The victim, a fintech entity, was contacted via Telegram through the account of an executive of a digital currency company that UNC1069 had compromised. The hackers then built rapport with the victim before sending them a Calendly link to schedule a 30-minute meeting. The meeting link directed the victim to a spoofed Zoom meeting hosted on the hacker’s infrastructure.

This scheme is not entirely unusual. However, the concerning innovation was that the victim reportedly told Mandiant that, during the call, they were presented with a video of a CEO from another digital currency company that appeared to be a deepfake.

While Mandiant was unable to recover forensic evidence to independently verify the use of AI models, “in this specific instance,” it said the ruse was similar to a previously reported incident with similar characteristics, where deepfakes were also allegedly used.

“North Korean threat actors continue to evolve their tradecraft to target the cryptocurrency and decentralized finance (DeFi) verticals,” Google’s blog post read. “The volume of tooling deployed on a single host indicates a highly determined effort to harvest credentials, browser data, and session tokens to facilitate financial theft.”

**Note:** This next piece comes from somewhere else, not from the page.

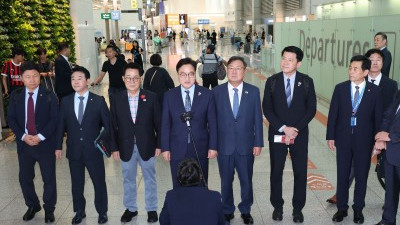 우원식, 中전승절 참석 위해 출국...김정은 조우 여부 주목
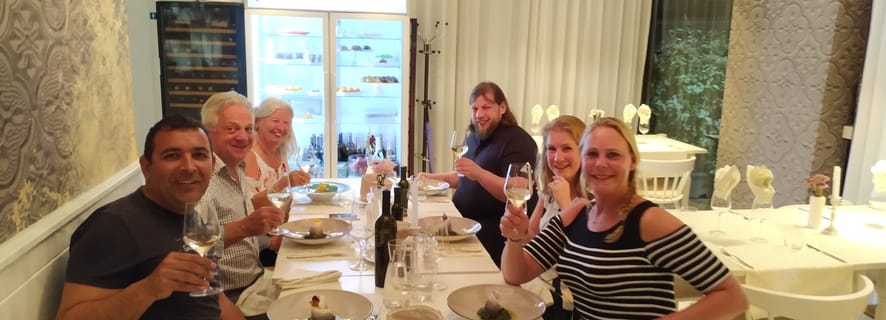 Zadar: Degustacja wina z 3-daniowym posiłkiem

It added that “while UNC1069 typically targets cryptocurrency startups, software developers, and venture capital firms, the deployment of multiple new malware families… marks a significant expansion in their capabilities.”

According to Mandiant, the introduction of new tactics, such as the use of AI-deepfakes, builds upon a shift first documented in Google’s November 2025 publication ‘AI Threat Tracker: Advances in Threat Actor Usage of AI Tools‘, in which the Google Threat Intelligence Group (GTIG) identified UNC1069’s transition from using AI for simple productivity gains to deploying novel AI-enabled lures in active operations.

North Korea’s active digital currency hackers

Over the past few years, the digital asset sector has become a popular money-making avenue for the heavily sanctioned. North Korea, the third most sanctioned country in the world, is no exception, and its state-backed digital currency hacking operations have been among the most prolific and successful.

In 2023, a U.S.-based cybersecurity firm, Recorded Future, released a report on North Korea‘s efforts over the previous six years that suggested it had generated over $3 billion.

This trend has arguably accelerated. According to blockchain analytics firm Chainalysis, North Korean hackers stole $1.34 billion in digital assets across 47 incidents in 2024, accounting for 61% of the total amount stolen that year.

In December of that year, the U.S. Federal Bureau of Investigation (FBI) announced that North Korean cyber actors were behind the $308 million digital asset theft from a Japan-based digital asset firm, DMM Bitcoin.

This activity led, the following month, to South Korea imposing sanctions on 15 members of North Korean IT organizations and one related company involved in illicit cyber activities, including digital asset heists.

In February 2025, the notorious North Korea-linked hacking group “Lazarus” recorded a record windfall, hacking digital asset exchange Bybit for over $1.4 billion in Ethereum (ETH), the largest exploit of its kind—crypto or otherwise.

By August, it was revealed that the innovative hacking armies of North Korea had now turned to the international job market as their latest attack vector, using AI to pose as remote IT workers and offering fake IT jobs to gain access to Western companies’ cloud systems.

The growing use of AI tools highlighted by Google marks just the latest evolution of North Korea’s lucrative hacking and sanctions-evasion efforts.